Lovell Tims died a few weeks ago but good luck finding anything about him online, even though he was quite the iconic figure at the U.S. Bank Plaza in downtown Minneapolis.
Tims was a shoeshine guy and obituaries cost money, so one was never printed nor published.
This is a flaw. Obituaries are moneymakers for newspapers, especially now that classified ads are mostly dead. A person should have a decent obituary so there’s a recognition he/she was on this planet for a short period of time.
The local funeral home set up a page where people could post their remembrances…
“I work across the street from the US Bank bldg, so i walked by him 3 x a day. You could always hear his booming voice a 100 yards away, we’d usually fire a quick one liner at each other, like ‘Garnett needs to retire!'” Robert Godfrey posted. “He gave me a piece of candy for Christmas.”
There’s nothing sadder than a person dying without a proper obituary.
So thumbs up to Star Tribune reporter Adam Belz, who went online to ask for more information from people who knew Tims, prompted by this tweet.
There are people you walk by every day, and then suddenly they’re gone. RIP, Lovell Tims, U.S. Bank Plaza shoeshine man. pic.twitter.com/b2LmdUA6vM
— Casey Common (@CaseyCommon) January 24, 2019
Tims now has his obituary, which is printed in today’s paper.
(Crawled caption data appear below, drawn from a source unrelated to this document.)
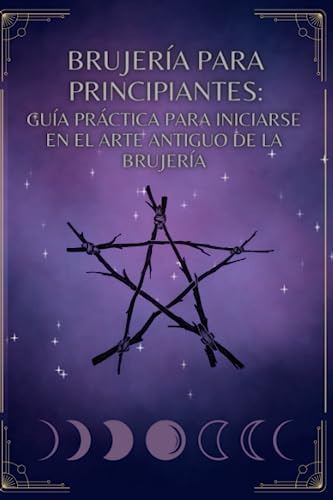 Brujería Para Principiantes: Guía Práctica Para Iniciarse En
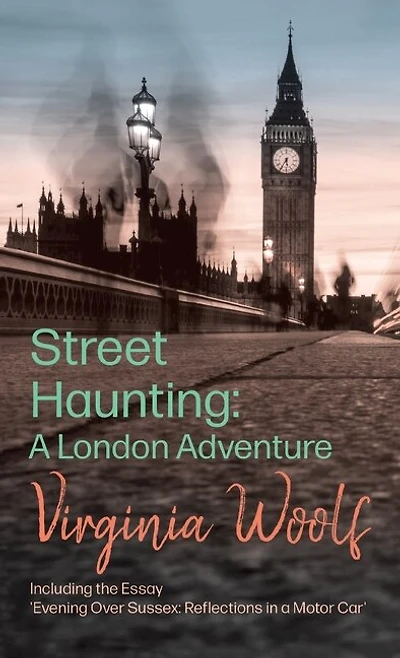 Street Haunting: A London Adventure: Including the Essay 'Evening Over Sussex: Reflections in a Motor Car'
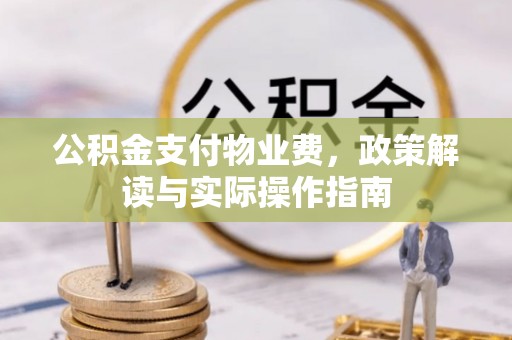 中牟公积金支付物业费，政策解读与实际操作指南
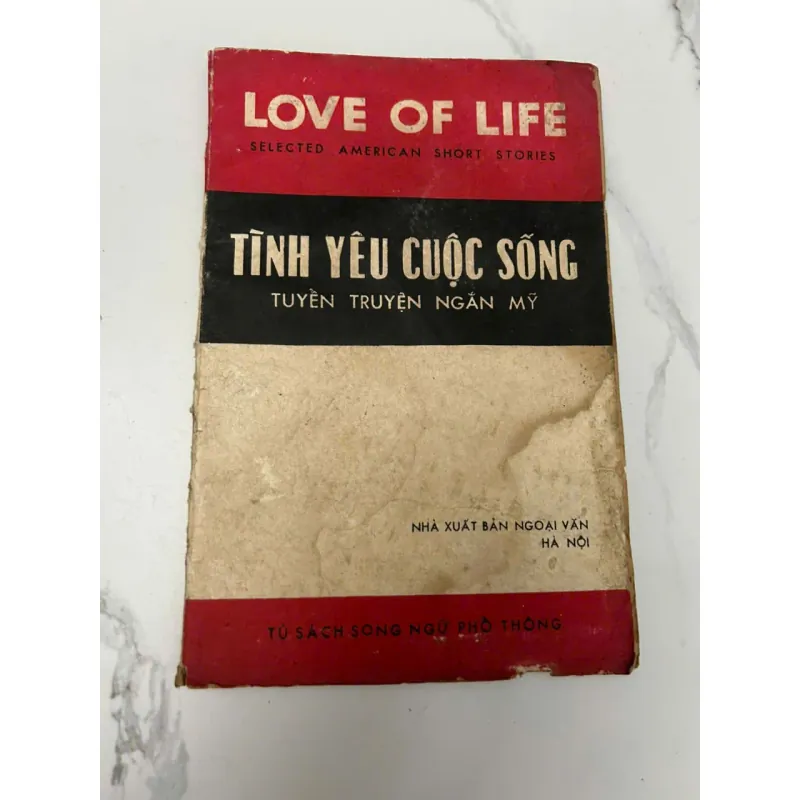 Tình yêu cuộc sống (Love of Life) – Jack London và các tác giả Mỹ khác 609789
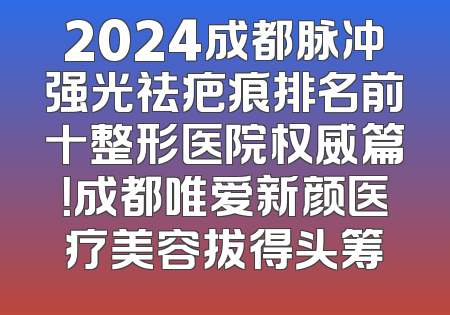 2024成都脉冲强光祛疤痕排名前十整形医院权威篇！成都唯爱新颜医疗美容拔得头筹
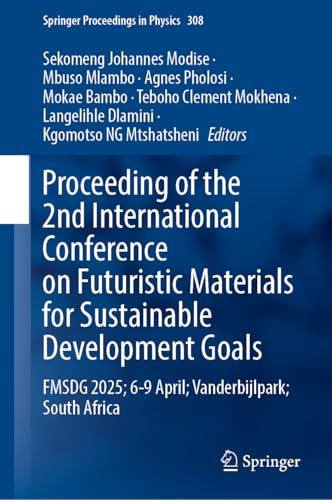 Proceedings of the 2nd International Conference on Futuristic Materials for Sustainable Development Goals: FMSDG 2025; 6-9 April; Vanderbijlpark; South Africa (Springer Proceedings in Physics, 434)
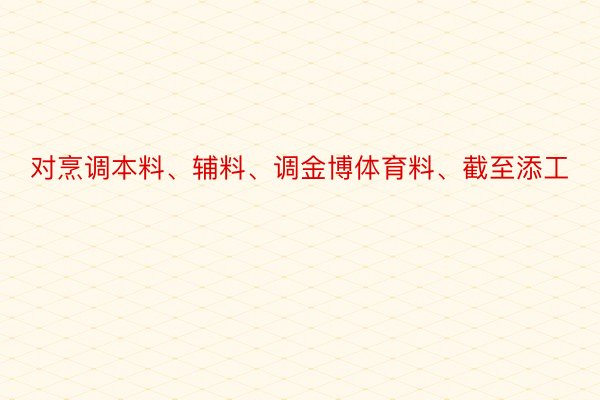 对烹调本料、辅料、调金博体育料、截至添工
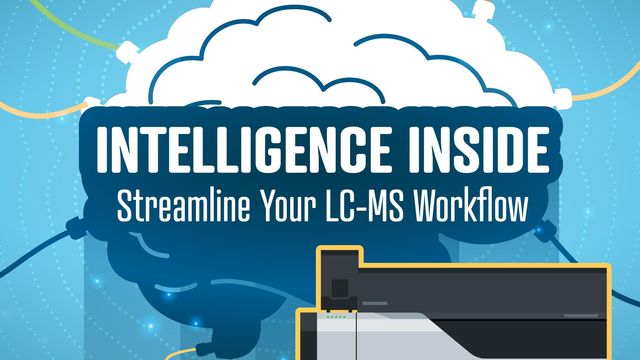 Intelligence Inside: Streamline Your LC-MS Workflow content piece image 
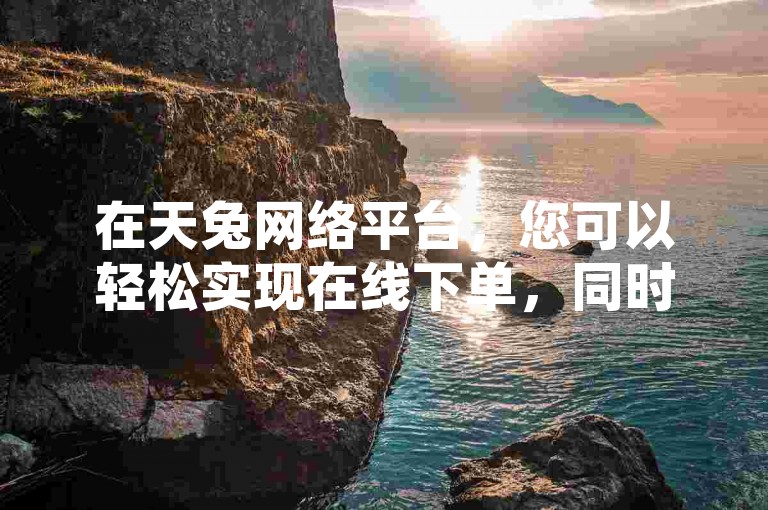 在天兔网络平台，您可以轻松实现在线下单，同时享受抖音24小时在线商城的便捷服务，还能参与ks视频的点赞评论互动，更有抖音粉丝带来的震撼爆料等你来探索。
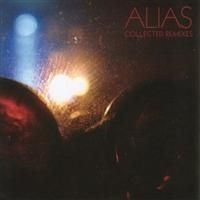 Alias - Collected Remixes i gruppen CD / Pop hos Bengans Skivbutik AB (4291089)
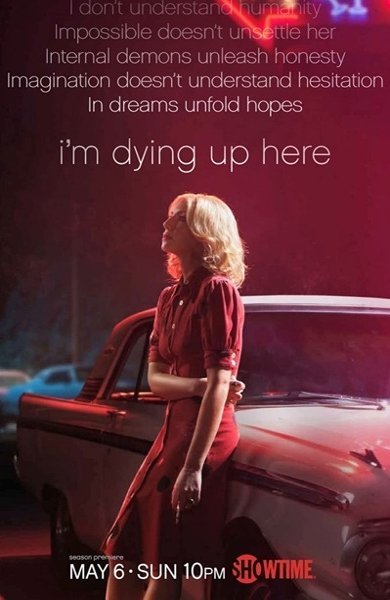 Poster of I'm Dying Up Here, the 2017 TV series by David Flebotte and Jim Carrey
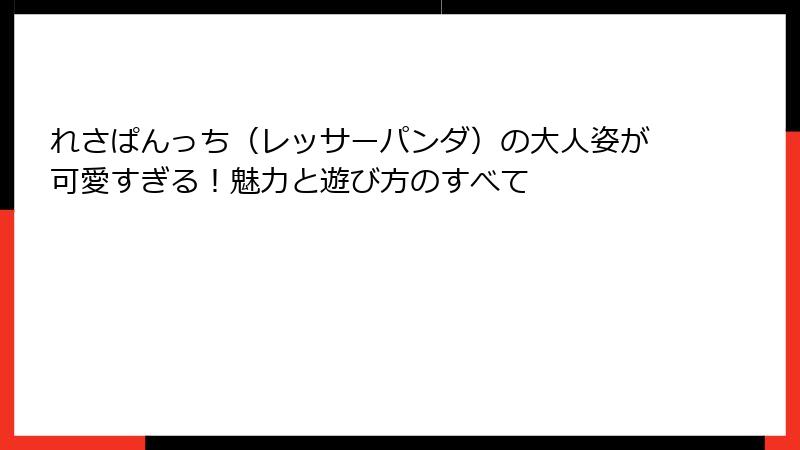 れさぱんっち(レッサーパンダ)の大人姿が可愛すぎる!魅力と遊び方のすべて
A native of Durant, Miss., and the third of six children, Tims left home for Waterloo, Iowa, when he was a teenager. He ended up in the Twin Cities working for American Hoist and Derrick and got into shining shoes later. He got his booth in the U.S. Bank Plaza eight years ago.
“He bragged about that shoeshine business,” said Tims’ younger sister, Maxcine Outlaw. “He was making money, and people loved him.”
Until recently, he rode his bike downtown from his apartment near the corner of Chicago Avenue and 36th Street. When it was too cold or rainy, he rode the bus.
His sister said he was a stubborn man — always ready to argue and refusing to quit smoking even after his doctor told him to stop. Even after receiving the cancer diagnosis in October, he sneaked outside to smoke out of sight of his friends in the building.
“I prayed for him and then I sat on the bed beside him, and he looked at me and said, ‘How come this happened to me?’ ” Outlaw said, describing one of their last conversations. “I said, ‘Because, when you first knew that this was going on, you didn’t tell us, because you didn’t want to stop smoking.’ ”
Lovell Tims was on this earth for 74 years.